With the addition of African nations Namibia and Mali, The Salvation Army is now officially at work in 115 countries.
The Army previously worked in Namibia from 1932 to 1939. Now, 69 years later, both the local church and non-governmental organizations have welcomed its re-establishment. A South African national, Major Lenah Jwili, leads the work, and is already networking in the community and witnessing steady growth in meeting attendance. The Salvation Army has been officially registered. Namibia is part of the Southern Africa Territory, which also oversees Salvation Army work in Lesotho, St Helena, South Africa and Swaziland.
In Mali, after an invitation for The Salvation Army to establish a presence there, André Togo led the local response. Mali, a predominately Muslim nation, is situated in the most northerly part of the African continent in which The Salvation Army ministers.

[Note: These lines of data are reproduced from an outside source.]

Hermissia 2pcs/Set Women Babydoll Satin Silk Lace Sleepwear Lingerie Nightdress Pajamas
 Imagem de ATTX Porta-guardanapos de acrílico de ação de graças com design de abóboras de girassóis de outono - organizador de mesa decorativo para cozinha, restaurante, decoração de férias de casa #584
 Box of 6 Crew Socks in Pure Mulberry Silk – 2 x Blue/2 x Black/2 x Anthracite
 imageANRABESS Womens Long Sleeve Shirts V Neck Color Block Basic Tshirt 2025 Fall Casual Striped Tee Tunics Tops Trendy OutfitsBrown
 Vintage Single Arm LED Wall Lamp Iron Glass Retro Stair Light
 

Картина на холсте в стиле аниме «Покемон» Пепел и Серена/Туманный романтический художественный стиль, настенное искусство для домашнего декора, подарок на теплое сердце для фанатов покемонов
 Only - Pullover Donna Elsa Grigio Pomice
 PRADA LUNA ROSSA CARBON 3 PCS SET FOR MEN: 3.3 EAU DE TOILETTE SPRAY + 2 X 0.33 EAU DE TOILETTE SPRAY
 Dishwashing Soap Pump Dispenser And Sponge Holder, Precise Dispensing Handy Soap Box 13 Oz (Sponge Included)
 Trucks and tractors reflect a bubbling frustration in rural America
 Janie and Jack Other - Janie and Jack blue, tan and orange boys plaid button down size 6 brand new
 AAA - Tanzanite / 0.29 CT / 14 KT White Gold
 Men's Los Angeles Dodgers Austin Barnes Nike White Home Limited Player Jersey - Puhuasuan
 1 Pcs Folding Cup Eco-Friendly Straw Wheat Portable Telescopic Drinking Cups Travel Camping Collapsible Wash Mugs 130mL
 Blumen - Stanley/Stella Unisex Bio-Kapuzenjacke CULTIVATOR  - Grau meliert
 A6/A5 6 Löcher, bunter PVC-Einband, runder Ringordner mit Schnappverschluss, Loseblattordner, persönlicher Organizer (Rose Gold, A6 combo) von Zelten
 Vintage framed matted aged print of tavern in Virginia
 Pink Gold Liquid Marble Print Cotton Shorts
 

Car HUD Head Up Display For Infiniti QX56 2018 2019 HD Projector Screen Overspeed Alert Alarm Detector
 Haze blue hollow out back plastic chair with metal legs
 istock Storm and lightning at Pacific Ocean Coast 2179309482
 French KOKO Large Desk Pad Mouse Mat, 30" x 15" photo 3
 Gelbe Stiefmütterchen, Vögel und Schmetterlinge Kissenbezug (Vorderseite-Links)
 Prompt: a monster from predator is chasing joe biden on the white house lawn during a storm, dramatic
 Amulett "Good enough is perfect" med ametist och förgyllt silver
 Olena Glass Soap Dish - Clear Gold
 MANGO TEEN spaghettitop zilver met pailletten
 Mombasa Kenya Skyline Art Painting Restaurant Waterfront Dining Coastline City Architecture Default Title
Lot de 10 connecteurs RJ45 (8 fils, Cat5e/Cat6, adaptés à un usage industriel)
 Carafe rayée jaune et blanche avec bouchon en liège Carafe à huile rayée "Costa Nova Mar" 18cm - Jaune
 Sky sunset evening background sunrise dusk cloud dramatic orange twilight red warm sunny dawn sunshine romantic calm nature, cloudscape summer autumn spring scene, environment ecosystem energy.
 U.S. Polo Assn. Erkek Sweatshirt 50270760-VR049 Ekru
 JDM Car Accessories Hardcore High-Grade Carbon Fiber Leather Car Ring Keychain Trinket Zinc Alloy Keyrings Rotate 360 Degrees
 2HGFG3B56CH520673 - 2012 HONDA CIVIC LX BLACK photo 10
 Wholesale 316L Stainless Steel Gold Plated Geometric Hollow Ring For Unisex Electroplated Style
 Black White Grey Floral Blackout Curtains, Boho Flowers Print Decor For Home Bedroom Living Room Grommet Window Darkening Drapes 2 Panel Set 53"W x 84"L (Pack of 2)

Togo, a Malian, had no knowledge of The Salvation Army until he had a vision of millions of people wearing white uniforms, saying: “People of the nations, repent for we are coming with the Kingdom of the Lord.” Certain that God was calling him to join these white-uniformed people, his research led him to The Salvation Army. With help from Salvation Army leadership in Nigeria and at International Headquarters, he “opened fire” in Mali. Attendance at meetings has grown steadily, and The Salvation Army has been officially registered.
Majors Eugene and Odile Dikalembolovanga from the Democratic Republic of Congo were appointed officers in charge there, and Mali is attached to the Nigeria Territory. Togo and his wife, Nana, will move to the Democratic Republic of Congo, where they will train to be Salvation Army officers.
Please pray for these new initiatives in Namibia and Mali.
From an international news report by the Chief of the Staff, Commissioner Robin Dunster.